SPARQL Stored Procedures and the Linked Data API
One option is to just build custom APIs. But this can be expensive to maintain, and can detract from the overall message of the core usefulness of publishing Linked Data. So, are there ways to surface useful views in declarative way, that both takes advantage of, and embraces the utility of a the underlying “web native” graph model?
Currently there are two approaches that we’ve explored. The first is what we’ve calling SPARQL Stored Procedures in Kasabi. This allows developers to:
- Bind a SPARQL query to a URL, causing that query to be automatically executed when a GET request is made to the URL
- Indicate that specific URL parameters be injected into the SPARQL query before it is executed, allowing the queries to be parameterized on a per-request basis
- Generate custom output formats (e.g. XML or JSON) from a query using XSLT stylesheets that can be applied to the query results based on the requested mimetype
Kasabi provides tools for creating this type of API, including the ability to create one based on a SPARQL query shared by another user. This greatly lowers the barrier to entry for sharing useful ways to work with data.
The ability to either access the results of the query directly, e.g. as SPARQL XML results or various RDF serializations, means the underlying graph is still accessible. You can just treat the feature as a convenience layer that hides some of the complexity. But providing custom output formats we can also help developers use the data using existing skills and tools.
The second approach has grown out of work on data.gov.uk. Jeni Tennison (TSO), Dave Reynolds (Epimorphics) and I explored various options for creating APIs over Linked Data, resulting in the publication of the Linked Data API which is in use at data.gov.uk, e.g. to support the excellent organogram visualizations.
As with SPARQL Stored Procedures, the Linked Data API provides a declarative way to create a RESTful API over RDF data sources. However rather than writing SPARQL queries directly, an API developer creates a configuration file that describes how various views of the data should be bound to web requests.

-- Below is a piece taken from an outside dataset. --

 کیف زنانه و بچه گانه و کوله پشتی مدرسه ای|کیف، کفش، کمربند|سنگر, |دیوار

The Linked Data API is much more powerful (at the cost of some complexity), providing many more options for filtering and sorting through data, as well as simple XML and JSON result formats out of the box. In my opinion, the specification does a good job at weaving API interactions together with the underlying Linked Data, creating a very rich way to interact with a dataset. And one that has a lot more affordance than the equivalent SPARQL queries.
Again, Kasabi provides support for hosting this type of API. Right now the tooling is admittedly quite basic but we’re exploring way to make it more interactive. We’ve incorporated the “view source” principle into the custom API hosting feature as a whole, so its possible to view the configuration of an API to see how it was constructed.

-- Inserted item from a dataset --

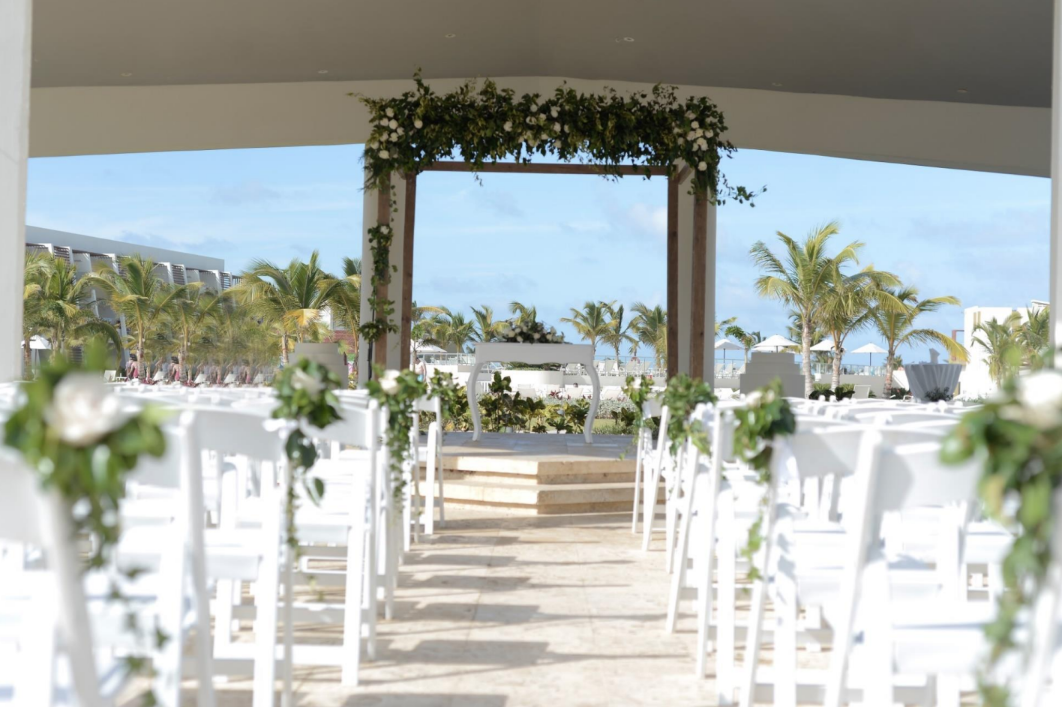 Fountain Gazebo Wedding — Dreams Onyx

I think both of these approaches can usefully provide ways for a wider developer community to get to grips with RDF and Linked Data, removing some of the hurdles to adoption. The tooling we’ve created in Kasabi is designed to allow skilled members of the community to directly drive this adoption by sharing queries and creating different kinds of APIs.
By separating the publication of datasets, from the creation of APIs — useful access paths into the dataset — we hope to let communities find and share useful ways to work with the available data, whatever their skills or preferred technologies.